Recorded information:
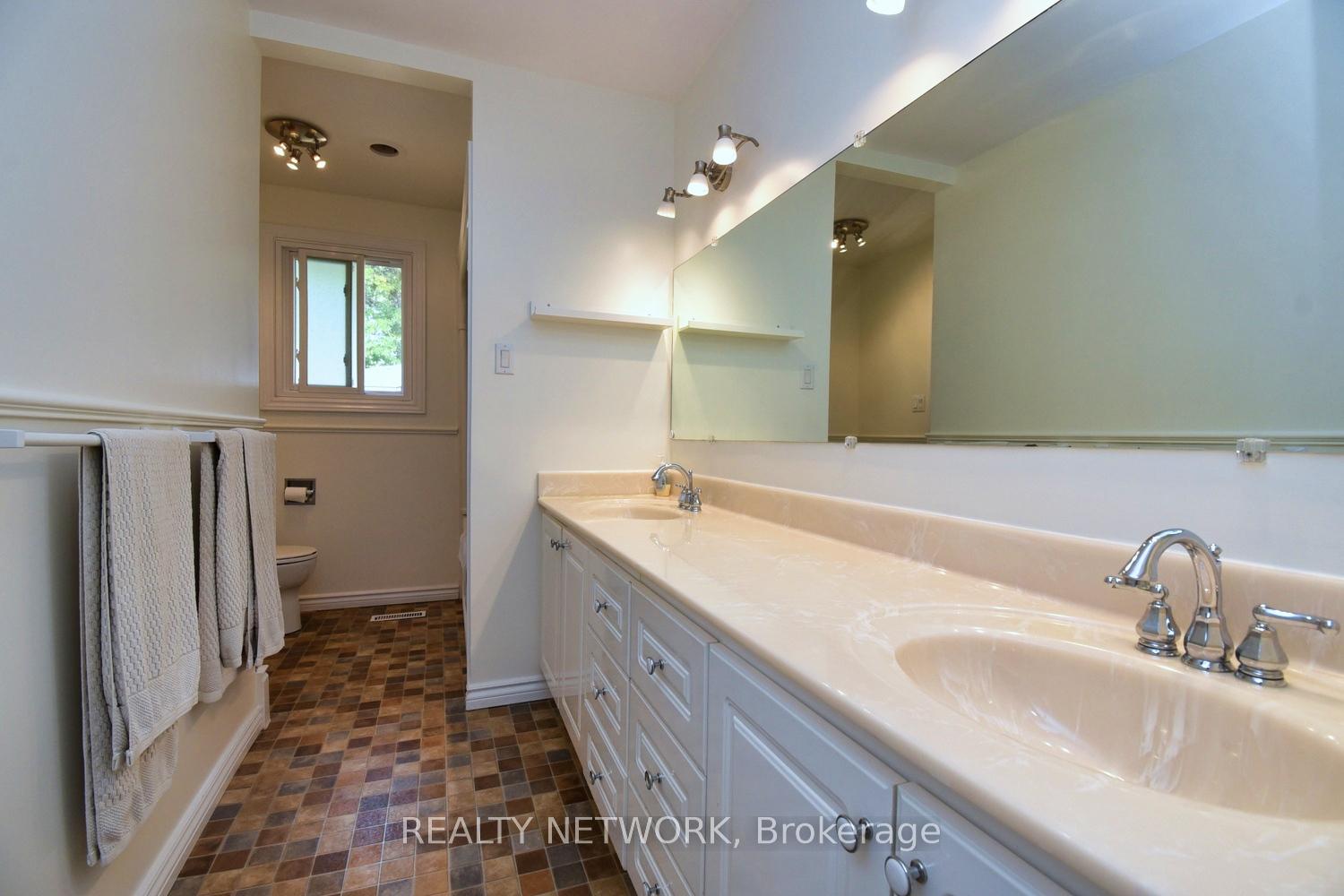 Photo 25 of 47 Highland Park Drive, Hamilton, Dundas — HOMEH
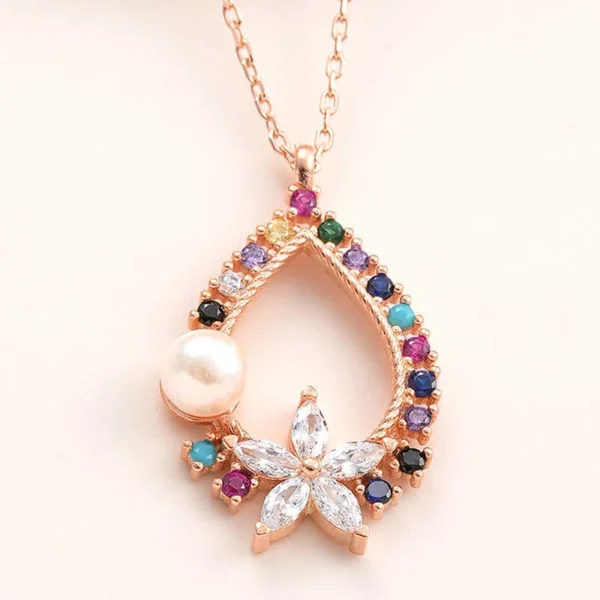 925k Chic Floral Pendant With Precious Gemstones – Rose Gold Pearl Women’s Necklace €59.00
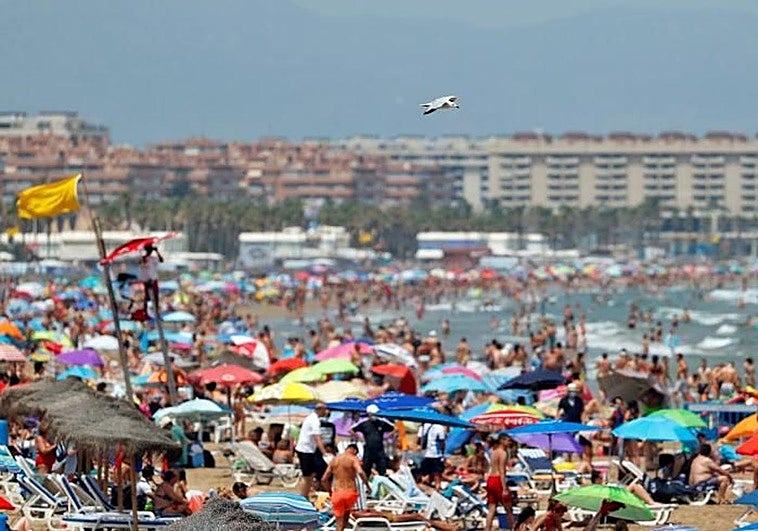 España emerge como el gran «destino refugio» ante la crisis en el Golfo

Problem to solve:
Retype the listing exactly. Leave out its pictures.

Output for this exercise:
 Photo 25 of 47 Highland Park Drive, Hamilton, Dundas — HOMEH
 925k Chic Floral Pendant With Precious Gemstones – Rose Gold Pearl Women’s Necklace €59.00
 España emerge como el gran «destino refugio» ante la crisis en el Golfo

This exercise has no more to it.